▶ TASK REQUIREMENTS
Without the pictures, output all of the data exactly.

▶ GIVEN RECORDS
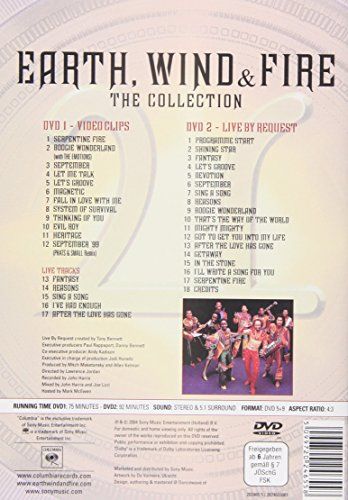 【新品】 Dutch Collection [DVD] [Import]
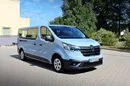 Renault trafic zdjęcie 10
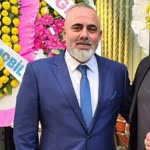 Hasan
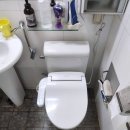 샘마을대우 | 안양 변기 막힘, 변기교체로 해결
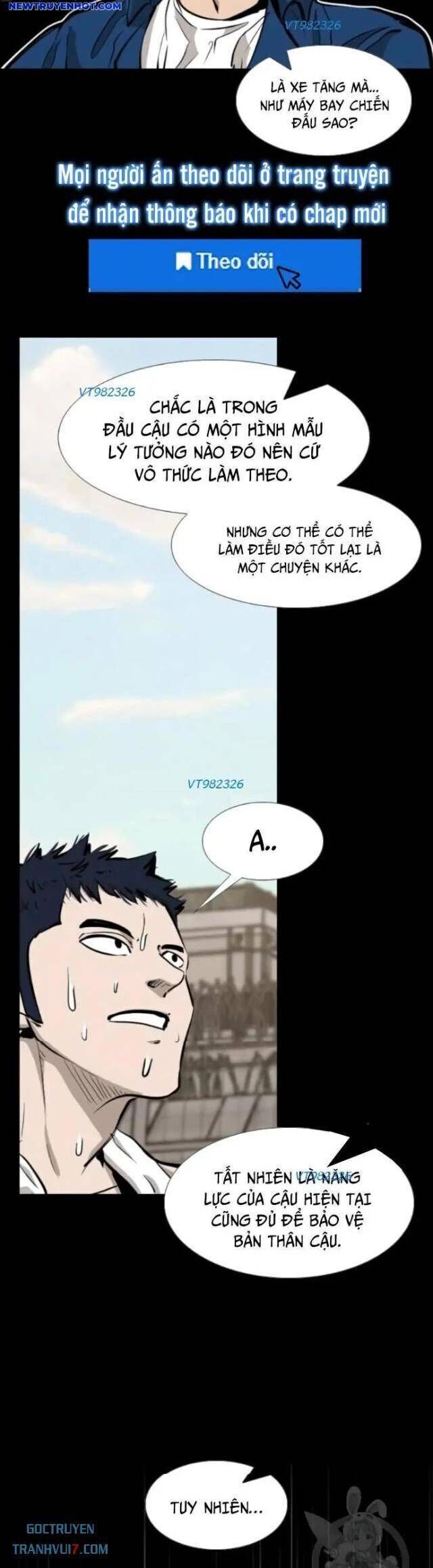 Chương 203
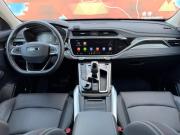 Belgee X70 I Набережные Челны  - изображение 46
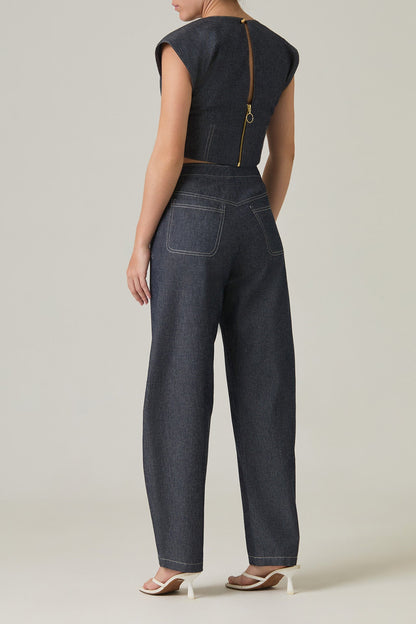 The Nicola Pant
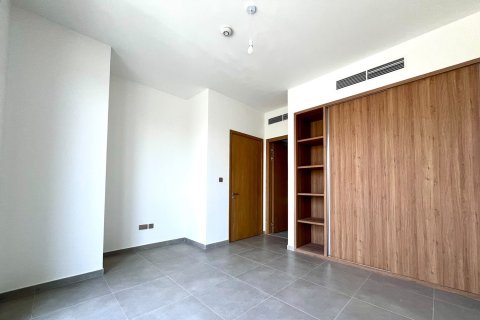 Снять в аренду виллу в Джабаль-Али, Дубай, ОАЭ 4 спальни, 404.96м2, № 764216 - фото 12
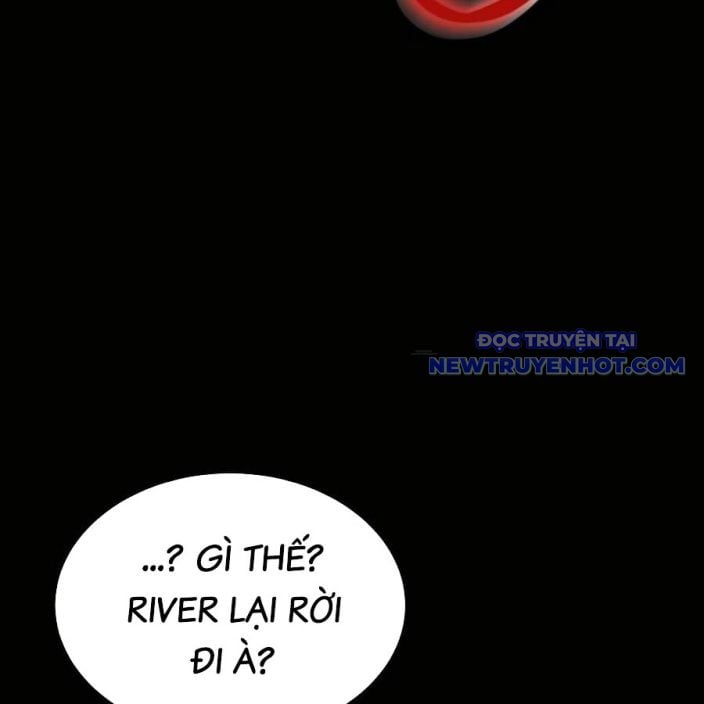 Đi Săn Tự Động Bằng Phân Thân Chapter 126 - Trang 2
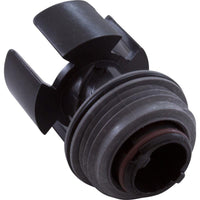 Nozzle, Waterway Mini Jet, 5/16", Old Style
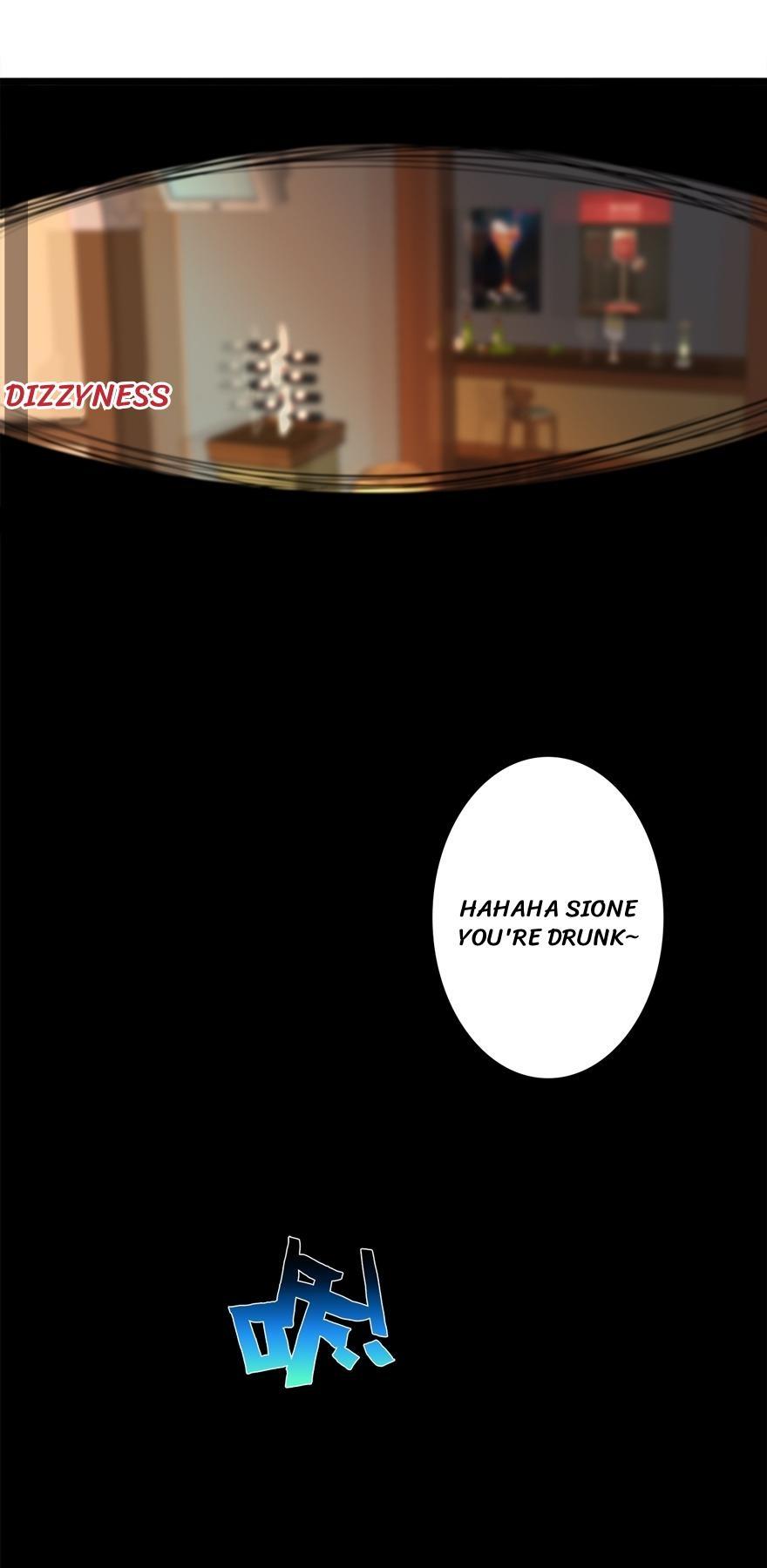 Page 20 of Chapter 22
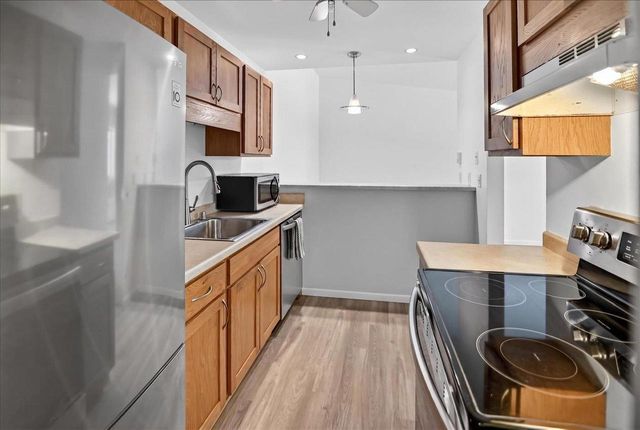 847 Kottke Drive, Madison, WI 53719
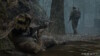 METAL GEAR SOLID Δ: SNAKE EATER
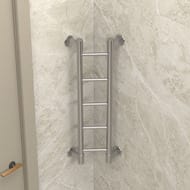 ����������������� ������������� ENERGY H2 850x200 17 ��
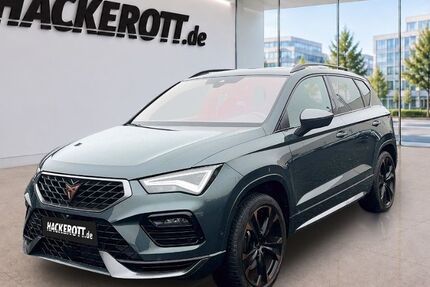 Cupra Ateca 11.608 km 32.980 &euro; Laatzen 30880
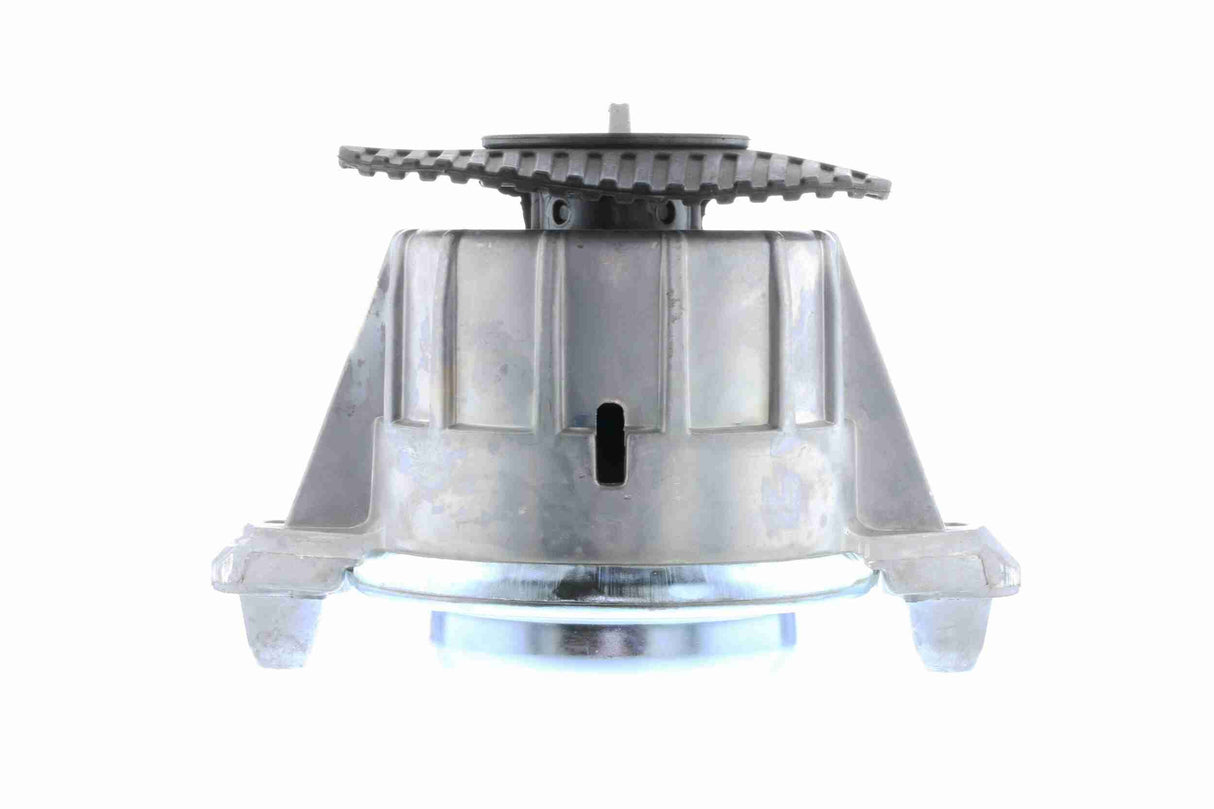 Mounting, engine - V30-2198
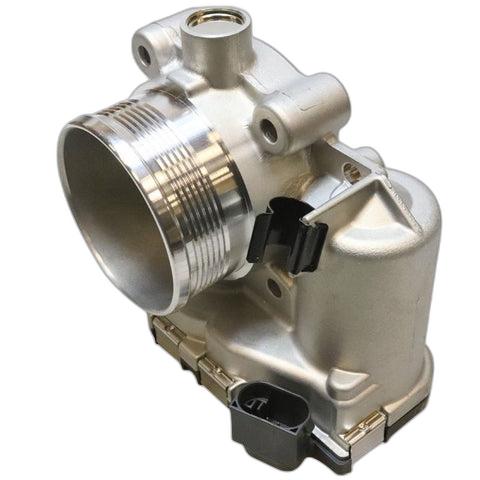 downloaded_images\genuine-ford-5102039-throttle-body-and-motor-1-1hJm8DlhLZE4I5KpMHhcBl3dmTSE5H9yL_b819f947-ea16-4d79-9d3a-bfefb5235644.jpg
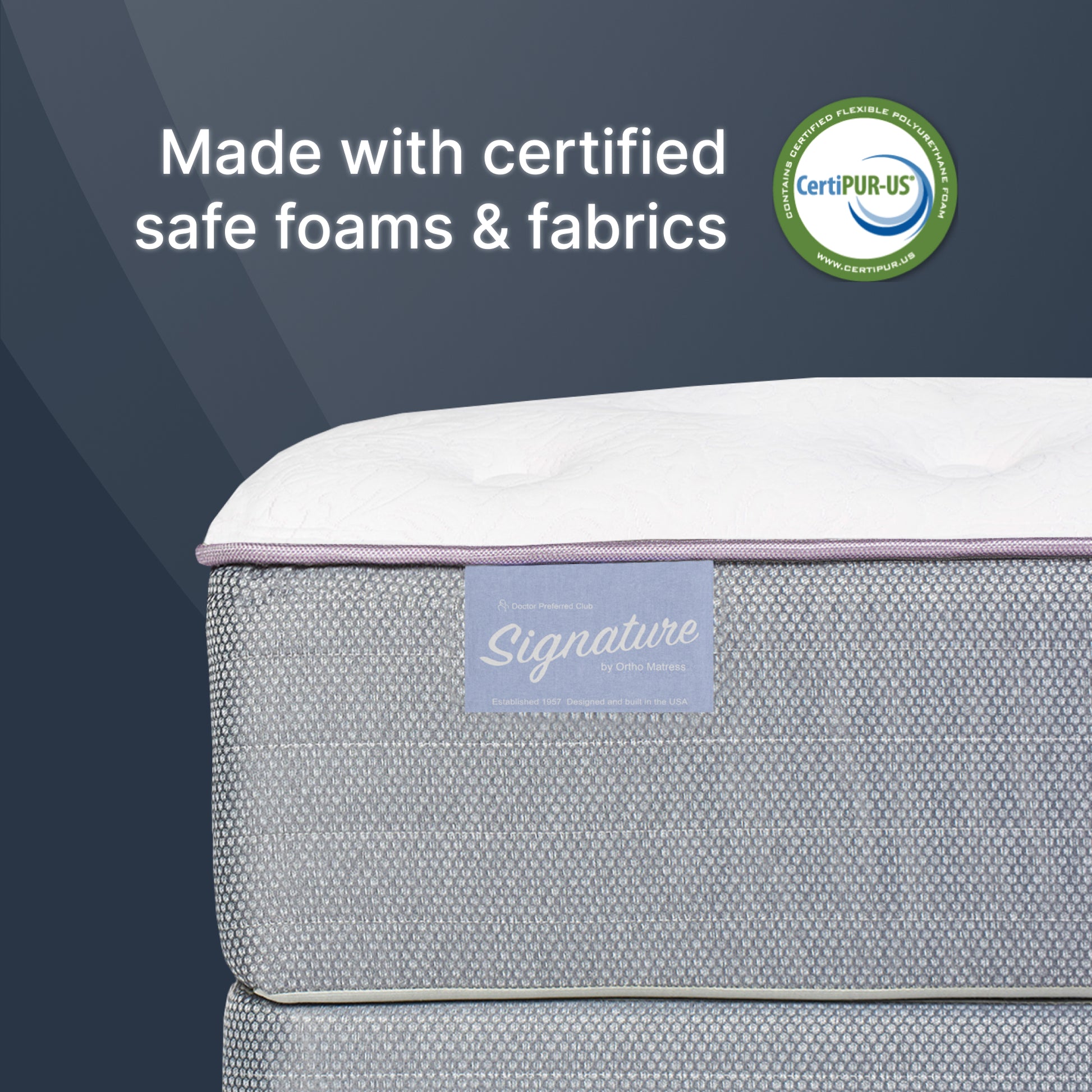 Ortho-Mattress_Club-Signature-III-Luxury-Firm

▶ EXPECTED OUTPUT
 【新品】 Dutch Collection [DVD] [Import]
 Renault trafic zdjęcie 10
 Hasan
 샘마을대우 | 안양 변기 막힘, 변기교체로 해결
 Chương 203
 Belgee X70 I Набережные Челны  - изображение 46
 The Nicola Pant
 Снять в аренду виллу в Джабаль-Али, Дубай, ОАЭ 4 спальни, 404.96м2, № 764216 - фото 12
 Đi Săn Tự Động Bằng Phân Thân Chapter 126 - Trang 2
 Nozzle, Waterway Mini Jet, 5/16", Old Style
 Page 20 of Chapter 22
 847 Kottke Drive, Madison, WI 53719
 METAL GEAR SOLID Δ: SNAKE EATER
 ����������������� ������������� ENERGY H2 850x200 17 ��
 Cupra Ateca 11.608 km 32.980 &euro; Laatzen 30880
 Mounting, engine - V30-2198
 downloaded_images\genuine-ford-5102039-throttle-body-and-motor-1-1hJm8DlhLZE4I5KpMHhcBl3dmTSE5H9yL_b819f947-ea16-4d79-9d3a-bfefb5235644.jpg
 Ortho-Mattress_Club-Signature-III-Luxury-Firm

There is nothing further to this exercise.